By David S. Wilson and Chris McKibbin

In Taylor & Lieberman v. Federal Insurance Company, the U.S. District Court for the Central District of California applied the “direct means direct” approach to causation in holding that a business management firm did not have coverage in respect of client funds which it was fraudulently induced to wire overseas.

The Facts

Taylor & Lieberman (“T&L”) was an accounting firm which also performed business management and account oversight services for various clients, including the client in issue. Clients’ funds were held in separate bank accounts maintained with City National Bank. Clients granted Powers of Attorney over their accounts to a designated individual at T&L, permitting transactions to be made in the accounts.

A fraudster obtained access to the client’s email account and sent two emails from that account to a T&L employee:

  • The first email directed the employee to wire $94,280 to an account in Malaysia. The employee did so, and then sent a confirming email to the client’s email account.
  • The next day, the employee received another email from the client’s account directing her to wire $98,485 to an account in Singapore. The employee again complied, and again sent a confirming email to the client’s email account.

The employee then received a third email, purportedly from the client, but sent from a different email address. The employee contacted the client by phone, and discovered that all three emails were fraudulent. T&L was able to recover some of the funds, but had to reimburse its client and incurred a net loss of nearly $100,000.

Direct Loss Requirement

T&L submitted a claim under each of its Forgery Coverage; its Computer Fraud Coverage; and its Funds Transfer Coverage. The Court noted that each of these coverages required “direct loss sustained by an Insured” and held that, as a matter of law, no direct loss had been sustained.

The Court observed that there are differing approaches with respect to the causation requirements found in fidelity policies, but noted that most courts have adopted the principle that “a loss is not direct unless it follows immediately and without intervening space, time, agency, or instrumentality” – more commonly known as the “direct means direct” approach.

The Court held that the client’s loss was a third-party loss. While T&L may have been liable to the client for the loss of the funds, the Federal coverage was first-party indemnity coverage only, and T&L had not suffered any direct loss of its own funds.  T&L asserted that its Power of Attorney over client funds effectively made it tantamount to a bailee or trustee of client funds (an argument which would bring the funds within the policy’s ownership condition, relied on in such decisions as Vons Companies) which, the argument ran, made the loss a direct loss. Federal’s response was that T&L was not a bailee or trustee of the funds, because the client’s funds were held not by T&L in its own account, but in a separate account in the client’s name.

The Court accepted Federal’s position. Relying on Vons Companies and on Pestmaster (which we discussed in our January 6 post), the Court held:

The Court finds Defendant’s reasoning more persuasive.

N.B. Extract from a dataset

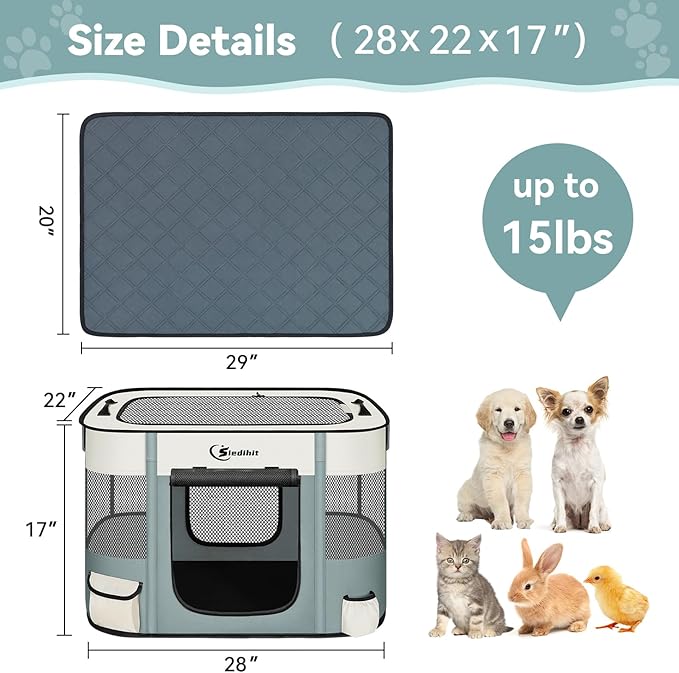 Dog Playpen, Cat Pet Puppy Pen, Portable Playpens - Image 7
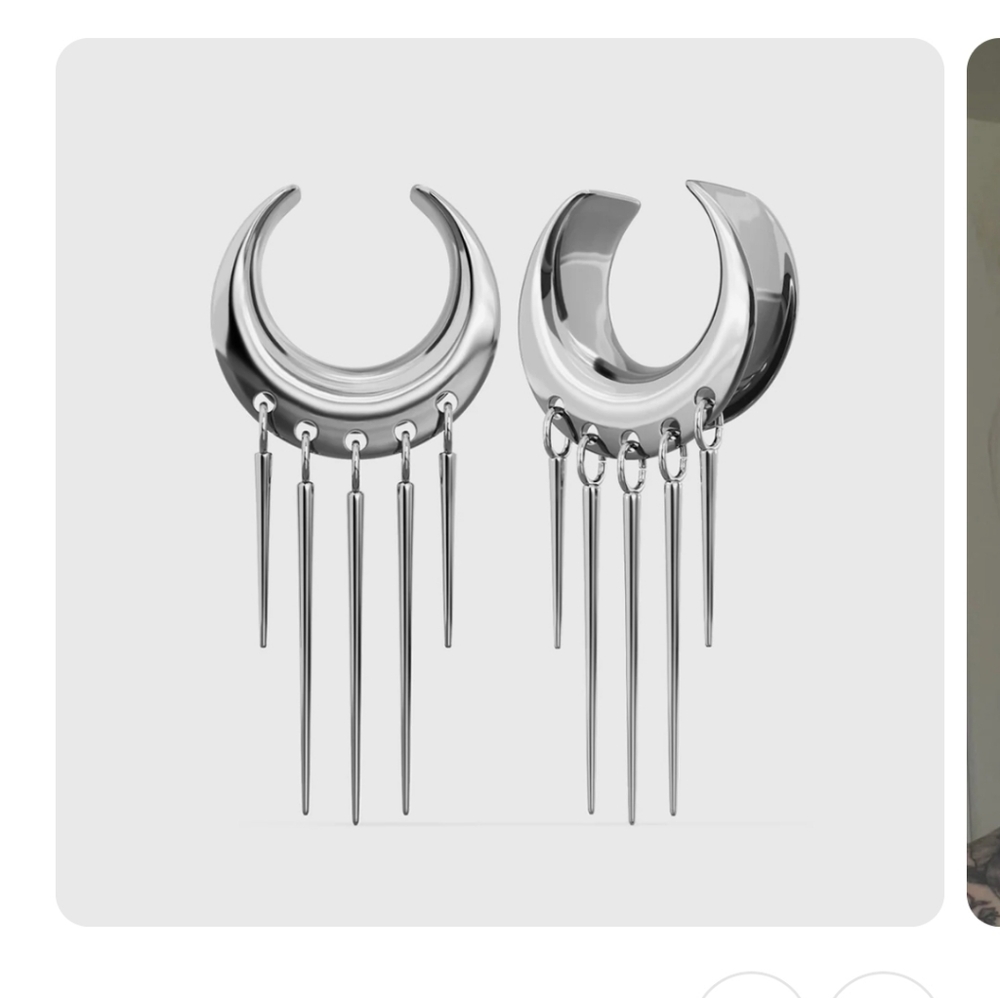 Silver Spike Hoop Earrings - Picture 3 of 4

If the funds had been held in an account owned or attributed to Plaintiff, such as an escrow account … and a hacker had entered into Plaintiff’s computer system and been able to withdraw funds such that Plaintiff’s accounts were immediately depleted, then Plaintiff would be correct in asserting coverage from the Policy.

Here, however, a series of far more remote circumstances occurred: Client gave Plaintiff power of attorney over Client’s money held in Client’s own account; a perpetrator of fraud motivated Plaintiff’s agent to use the power of attorney to transfer funds out of Client’s account; Plaintiff discovered this fraud and attempted to recover the funds; Client requested repayment of the lost funds and Plaintiff obliged; Plaintiff now requests Defendant indemnify it for the losses that were transferred from Client to Plaintiff. These are not the circumstances that dictated the results in Vons … and they are not the circumstances [which] appear to be within the contemplation of the Policy.

In view of these intervening steps, T&L could not establish a direct loss of the client funds. As a result, it was unnecessary for the Court to analyze the other requirements of the three coverages in issue.  Notably, the Court did not mention the Federal policy’s ownership condition in its analysis.

Discussion and Conclusion

Taylor & Lieberman is notable insofar as it reinforces the “direct means direct” approach to causation under fidelity policies, an approach which the majority of courts have embraced.  Given the number of intervening events between the fraud and the ultimate pecuniary loss to T&L, the loss was not one which followed “immediately and without intervening space, time, agency, or instrumentality” from the fraud.

In our view, it is interesting that the Court relied on ownership condition concepts (such as whether T&L could be considered to be the equivalent of a trustee or bailee of the client’s funds) in its direct loss analysis. The ownership condition arguably reinforces the circumscribing intent of the direct loss requirement, but the coverage requirement and the condition are analytically distinct; client funds which do not fall within the ownership condition constitute property which falls outside of the policy entirely. It is arguable that the ownership condition in the Federal policy constituted a second, independent basis for denying coverage in this case.

Taylor & Lieberman v. Federal Insurance Company, 2015 WL 3824130 (C.D. Cal.)